By the way, the franc was introduced in Switzerland in 1848.

(Reference: swissinfo.ch)

As a safe currency, the Swiss franc has impressively weathered severe storms. It feels like it cannot relinquish its status to newly emerged currencies like the Japanese yen, given the impressive track record.

With this currency, even if a third world war or another financial crisis were to occur, it seems reliable enough to be trusted.

That’s why the wealthy probably prefer to keep their financial accounts in Switzerland.

The Future of the Japanese Yen

I understand that it’s not simple, but it would be nice if Japan could become a permanently neutral country like Switzerland, Austria, or Turkmenistan.

Since it would not be involved in other countries’ wars, it wouldn’t be feasible to remain unarmed; serious self-defense measures would become necessary.

This could mean having to arm seriously under the guise of self-defense, and possibly reintroducing conscription as seen in Switzerland, Austria, or Turkmenistan.

This isn’t about whether it’s good or bad; it’s just what can be inferred simply from other countries’ experiences.

However, it’s clear that it’s impossible to achieve the level of trust that the Swiss franc enjoys from the international community with a currency dependent on military alliances with other countries.

Of course, the value of a currency isn’t determined solely by this. Many complex factors intertwine to drive exchange rates.

But when considering a currency primarily for safety and reliability, the independence of the nation seems essential.

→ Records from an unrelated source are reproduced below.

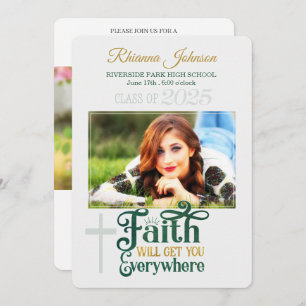 Religious Christian Class of 2023 Photo Graduation Einladung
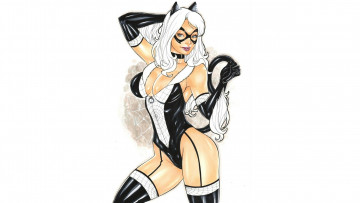 Картинка elberty+oliveira рисованное девушка фон взгляд маска униформа хвост ушки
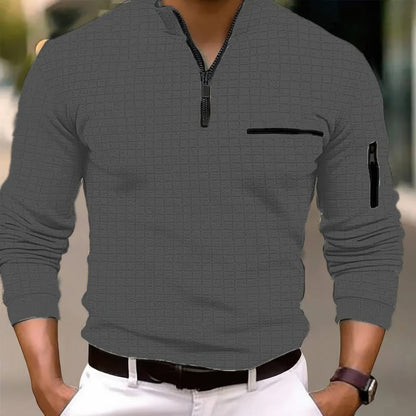 Chemise Polo Homme Coton Manche Longue Zippée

Just as a person who has established their own household is generally more trusted than someone living with their parents.

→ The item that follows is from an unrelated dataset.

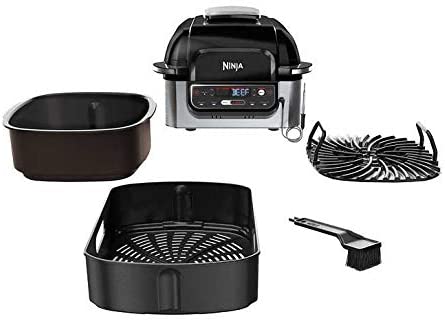 Ninja Foodi Smart XL Grill & Air Fryer Combo - 6-in-1 Indoor Electric Grill with Air Fry, Roast, Bake, Broil & Dehydrate Functions - Home Essentials Warranty Included - Perfect for Grilling, Frying & Healthy Cooking at Home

The important thing isn’t necessarily how it actually is, but how it appears at first glance.

In any case, to earn unwavering trust, it’s necessary to prove its worth over a long history, and thus, the Swiss franc undeniably runs ahead of the Japanese yen.

…including such considerations, I personally think that the yen will continue to weaken against major currencies in the long run.

Even if there are short phases of a stronger yen in the coming years, I’m speaking in terms of a longer span.

The World’s Strongest Currency

As an aside, while the Swiss franc might be thought of as the strongest currency against the U.S. dollar, which is the reserve currency, it turns out that the Kuwaiti dinar (KWD) is actually stronger. The currency of Kuwait, the dinar, is known for it.

1 KWD = 3.26 USD (*as of April 2024)

All I know about Kuwait is the 1990 Iraqi invasion, but according to Google, Kuwait is known for its immense wealth, stable economic foundation, low unemployment rate, and being a tax-free country.

Interestingly, the Swiss franc ranked seventh, the euro eighth, and the British pound fifth.

This was surprising.

The weakest was the Zimbabwean dollar, which is now completely worthless as a currency. In 1980, the exchange rate was 1.00 U.S. dollar = 0.68 Zimbabwean dollars.

Still, I wouldn’t consider holding KWD; it’s a minor currency unfamiliar to me.